FRED also comes equipped with sensors to keep marine life away during operation and the machine moves at a slow speed so animals can easily swim away.
6. Magnetic Coils
According to a study by scientist Xiaoguang Duag, a possible solution to tackle the global plastic problem could be a new type of nanotechnology. Nano-tech is any technology that is smaller than half the width of a human hair. Duag and his team created tiny magnetic nano-coils that can be created to break down microplastics in the ocean through a chemical reaction.
These coil-shaped tubes are coated with nitrogen and a magnetic metal called manganese. This coating reacts to oxygen molecules which will, in turn, attack microplastics. Through this chemical reaction, the microplastics will turn into environmentally-friendly salt compounds, water, and carbon dioxide.

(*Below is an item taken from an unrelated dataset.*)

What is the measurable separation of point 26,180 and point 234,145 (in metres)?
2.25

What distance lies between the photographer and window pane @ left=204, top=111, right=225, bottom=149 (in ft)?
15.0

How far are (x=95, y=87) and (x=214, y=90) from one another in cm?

Although more testing needs to be done in order to implement these magnetic coils, it could be a big step towards solving the ocean plastic problem.
For example, avoid cosmetics made from marine life or eliminate your use of plastic straws that end up in the ocean. The next time you go shopping, consider choosing sustainable seafood or cut it out of your diet all together.

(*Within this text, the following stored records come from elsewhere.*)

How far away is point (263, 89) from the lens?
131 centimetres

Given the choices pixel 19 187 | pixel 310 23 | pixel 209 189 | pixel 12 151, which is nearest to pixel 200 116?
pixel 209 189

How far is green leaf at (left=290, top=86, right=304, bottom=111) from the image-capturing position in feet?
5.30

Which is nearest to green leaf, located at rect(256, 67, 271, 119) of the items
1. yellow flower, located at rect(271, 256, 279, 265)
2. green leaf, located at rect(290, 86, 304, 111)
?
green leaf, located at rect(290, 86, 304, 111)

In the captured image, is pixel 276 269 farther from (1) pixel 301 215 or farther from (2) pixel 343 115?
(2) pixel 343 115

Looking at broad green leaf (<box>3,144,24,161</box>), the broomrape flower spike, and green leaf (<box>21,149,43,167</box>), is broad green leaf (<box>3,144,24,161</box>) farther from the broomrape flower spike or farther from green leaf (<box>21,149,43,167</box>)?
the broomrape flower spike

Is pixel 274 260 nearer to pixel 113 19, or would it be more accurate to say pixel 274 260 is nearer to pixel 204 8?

Although scientists are leading the way in tackling ocean pollution with these technologies, there are many simple ways you can help to keep the ocean clean. Some ways to do this include avoiding plastic products and ocean-harming products. Alternatives to everyday wares like sunscreen deemed safe for the ocean and glass straws can go a long way.
More ways you can help include demanding plastic-free alternatives in your communities and voting on ocean-related issues. Taking small steps like these can go a long way towards positively impacting marine life.